You could even build a formidable starting XI of Brazilian players just born in 1997.
Daniel Fuzato (AS Roma); Murilo (Cruzeiro), Luiz Felipe (Lazio), Lyanco (Torino), Guilherme Arana (Sevilla); Thiago Maia (Lille), Lucas Paqueta (Flamengo); Malcom (Barcelona), Richarlison (Everton), Gabriel Jesus (Manchester City), Pedro (Fluminense).
And that's leaving out names such as Maycon (Shakhtar Donetsk), Wendel (Sporting CP), Gerson (Fiorentina), David Neres (Ajax) and Felipe Vizeu (Udinese).
There are also those who are almost the same age and would certainly fight for a place in the lineup—Barcelona's Arthur, Manchester United's Andreas Pereira and Gremio's Everton were all born in 1996. Talents such as FC Porto's Eder Militao and Manchester City's Douglas Luiz (who is currently on loan at Girona after being denied a work permit), were born in 1998.
For the Selecao, the future looks brighter than it has in some time.

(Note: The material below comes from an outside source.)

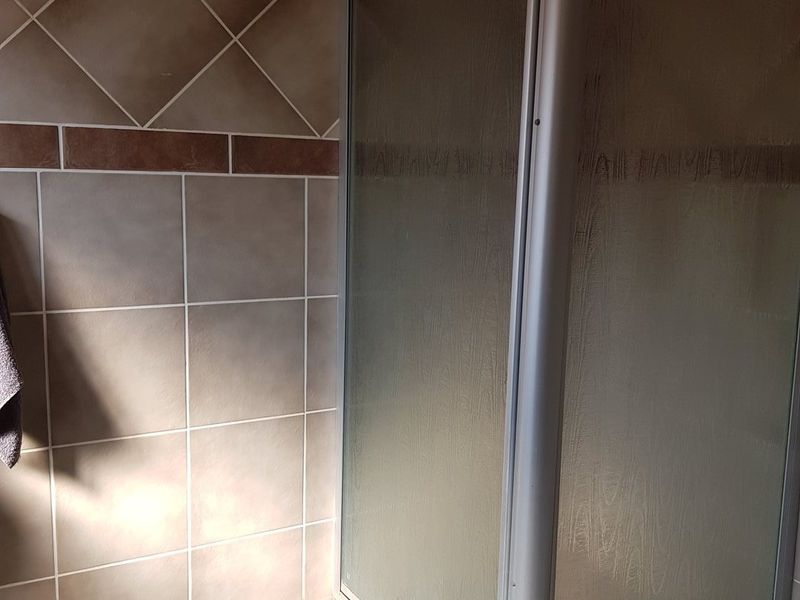 A bathroom featuring a corner shower enclosure with tiled walls and flooring, presenting a functional space ready for potential cosmetic updates.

Brazil boss Tite has reacted by adding some fresh faces to the squad for the upcoming friendlies against the United States and El Salvador with Paqueta, Richarlison, Arthur, Pereira, Everton and Militao all included.
The new generation is here.
Tite revealed that after Brazil's elimination in Russia he struggled to sleep for 15 consecutive nights. An early riser, he went for his daily walk along the Rio de Janeiro beach around six in the morning to avoid meeting what he thought would be angry fans.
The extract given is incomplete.